The lines to extract run from the first line of the material below to the line containing "WNA Deli Container", both included; leave the pictures behind.

▶ DATA PROVIDED:
◇ ◇ ◇ ◇ ◇ ◇ ◇

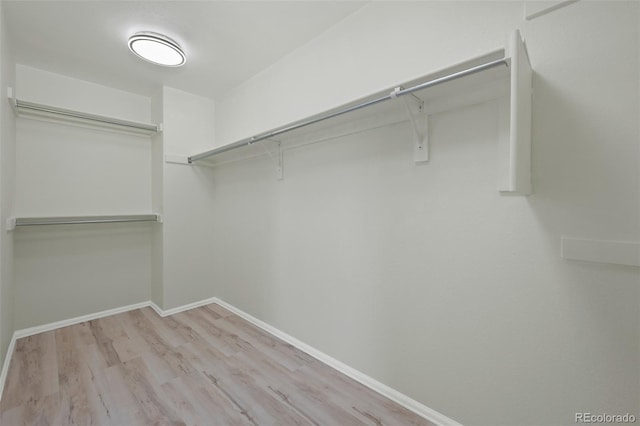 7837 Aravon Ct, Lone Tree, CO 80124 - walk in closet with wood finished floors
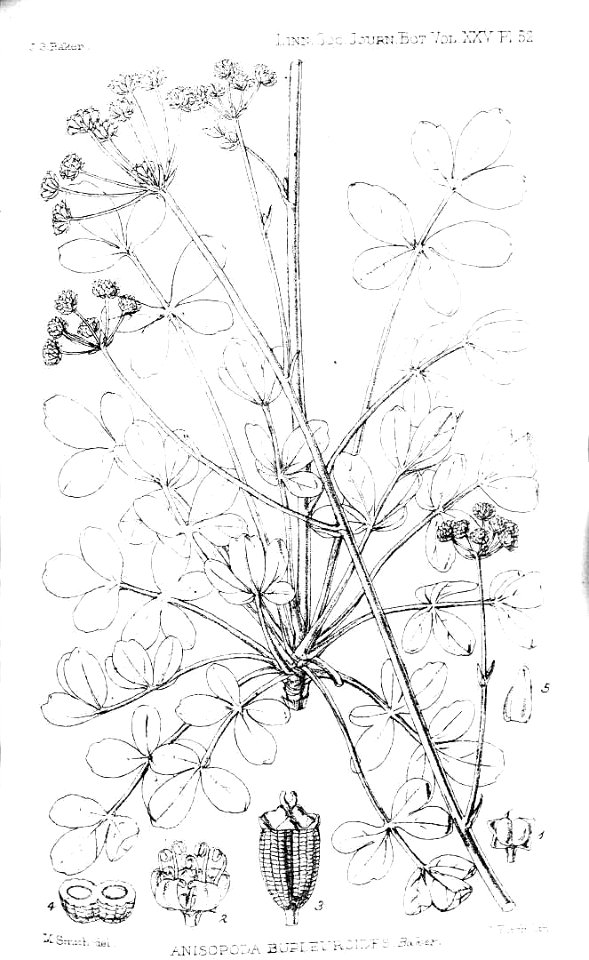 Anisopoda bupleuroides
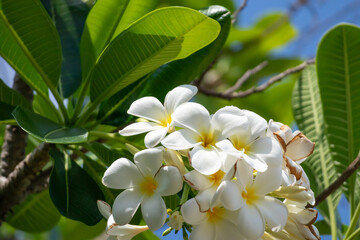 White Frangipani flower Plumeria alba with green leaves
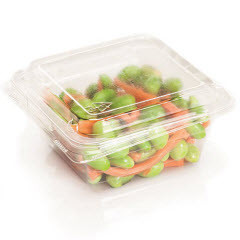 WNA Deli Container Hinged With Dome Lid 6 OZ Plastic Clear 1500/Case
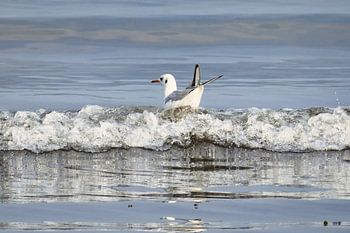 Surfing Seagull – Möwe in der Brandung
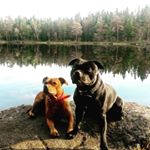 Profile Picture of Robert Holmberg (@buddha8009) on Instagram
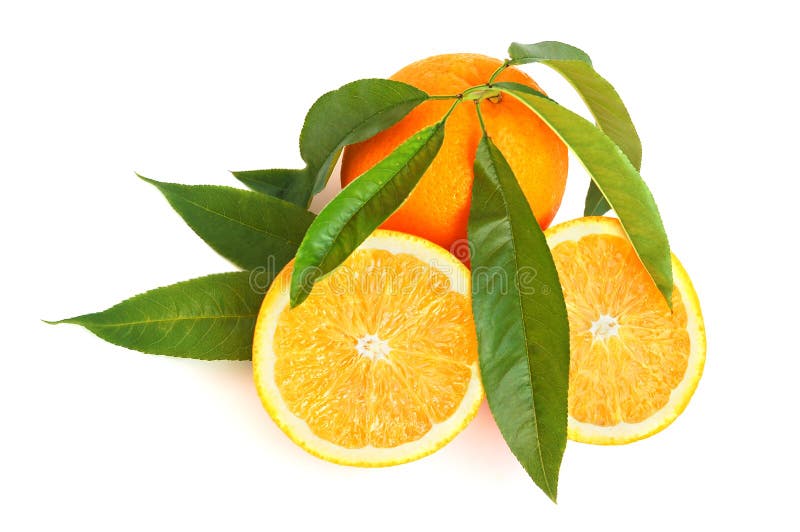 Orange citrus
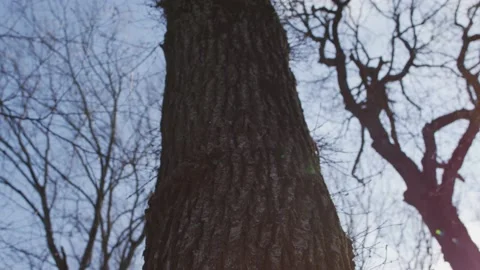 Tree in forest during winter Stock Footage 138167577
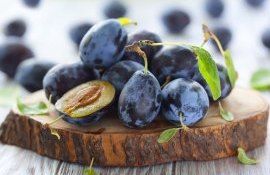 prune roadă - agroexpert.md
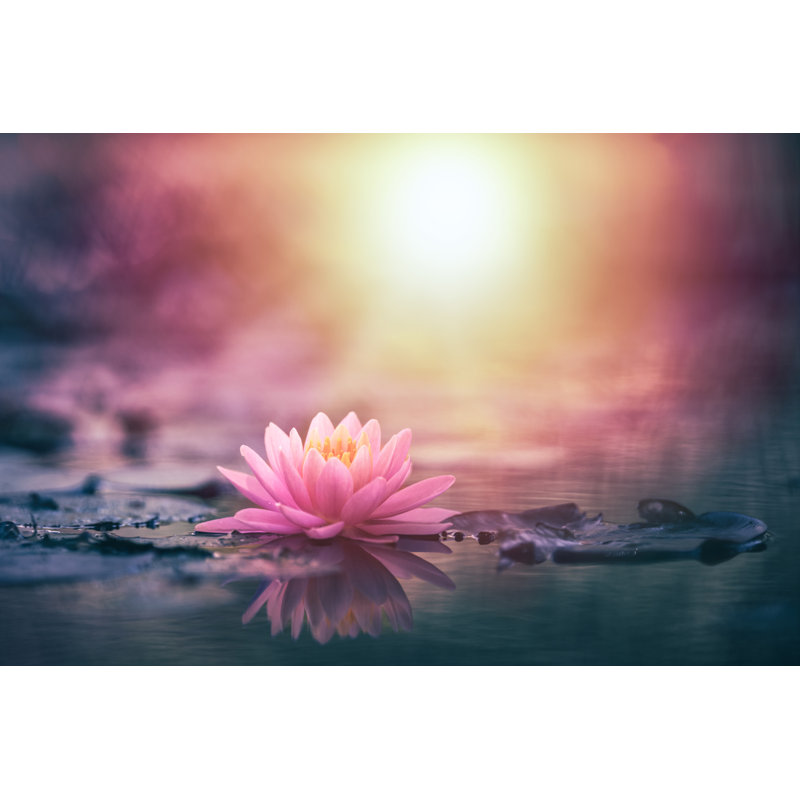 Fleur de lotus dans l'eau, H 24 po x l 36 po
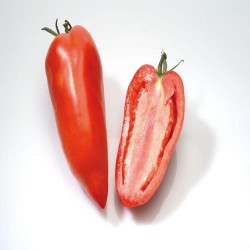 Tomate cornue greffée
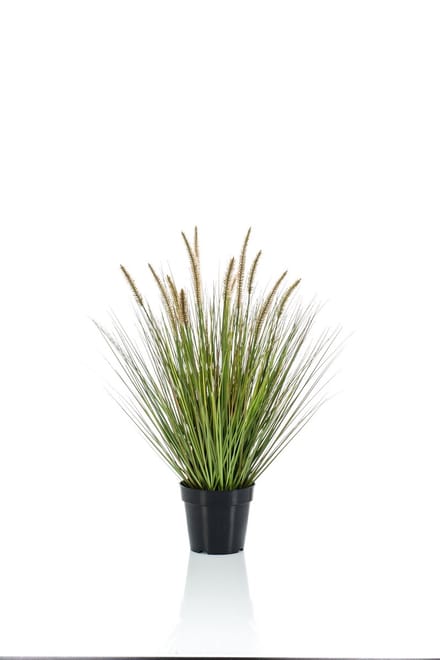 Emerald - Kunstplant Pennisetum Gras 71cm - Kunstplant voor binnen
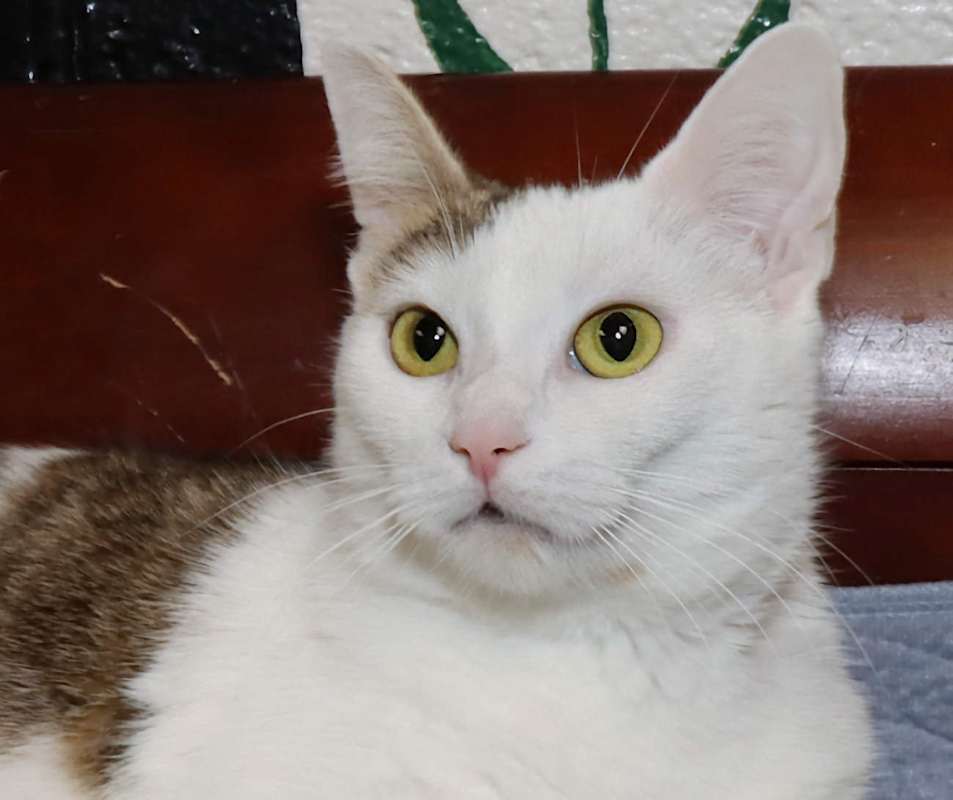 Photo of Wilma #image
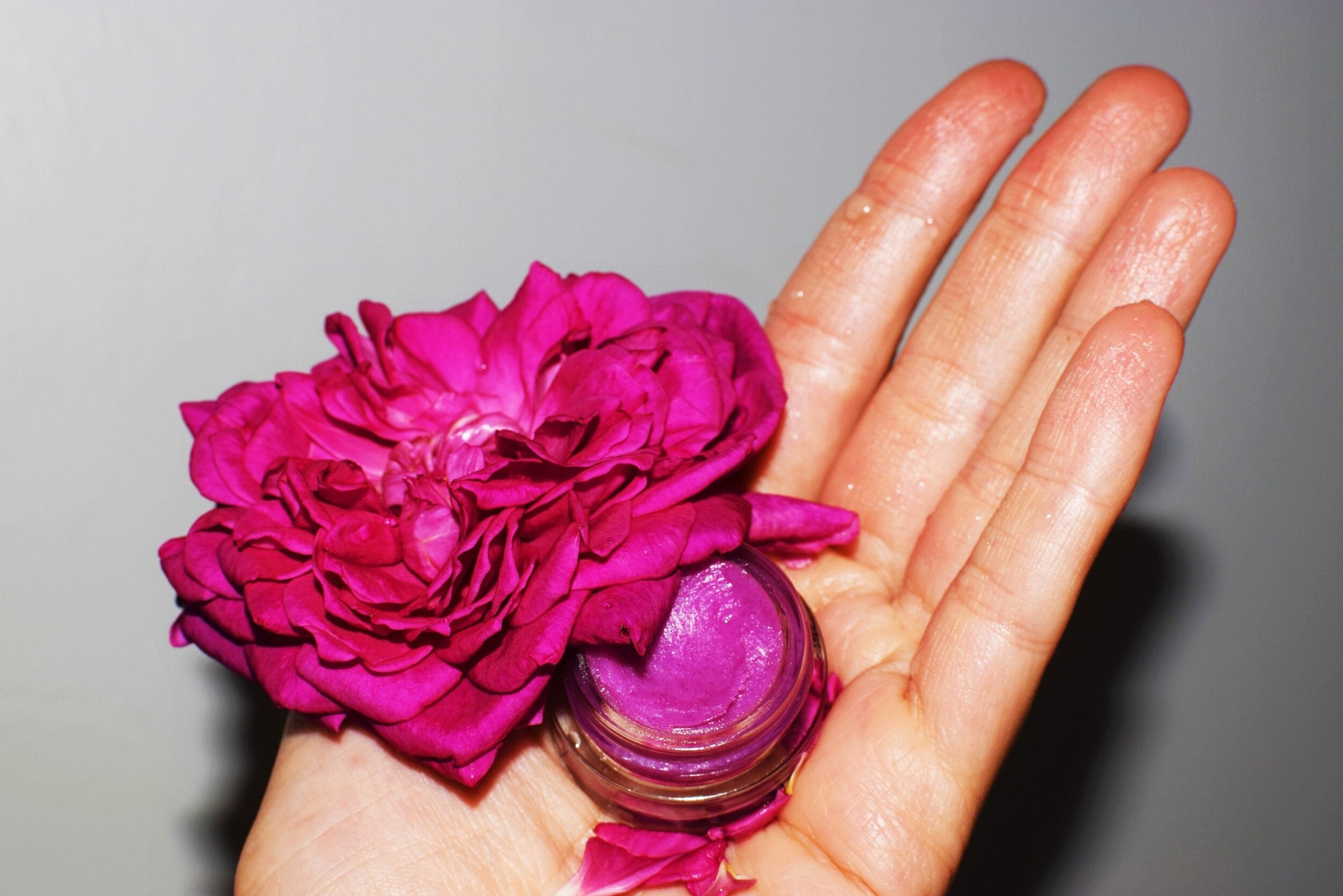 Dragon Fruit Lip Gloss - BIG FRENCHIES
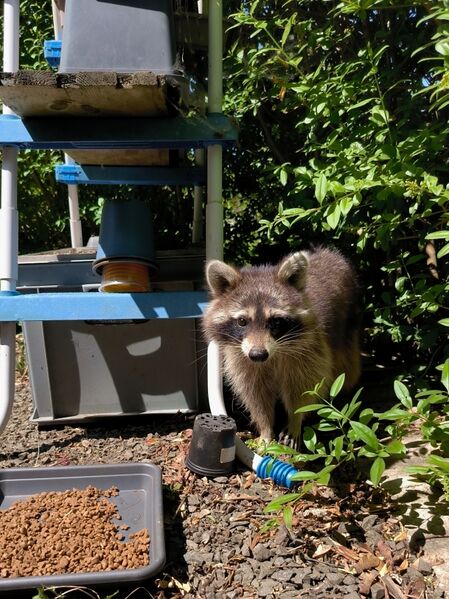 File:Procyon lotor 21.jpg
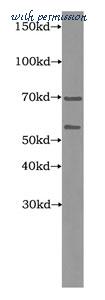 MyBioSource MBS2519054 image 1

◇ ◇ ◇ ◇ ◇ ◇ ◇

▶ TASK SOLUTION:
 7837 Aravon Ct, Lone Tree, CO 80124 - walk in closet with wood finished floors
 Anisopoda bupleuroides
 White Frangipani flower Plumeria alba with green leaves
 WNA Deli Container Hinged With Dome Lid 6 OZ Plastic Clear 1500/Case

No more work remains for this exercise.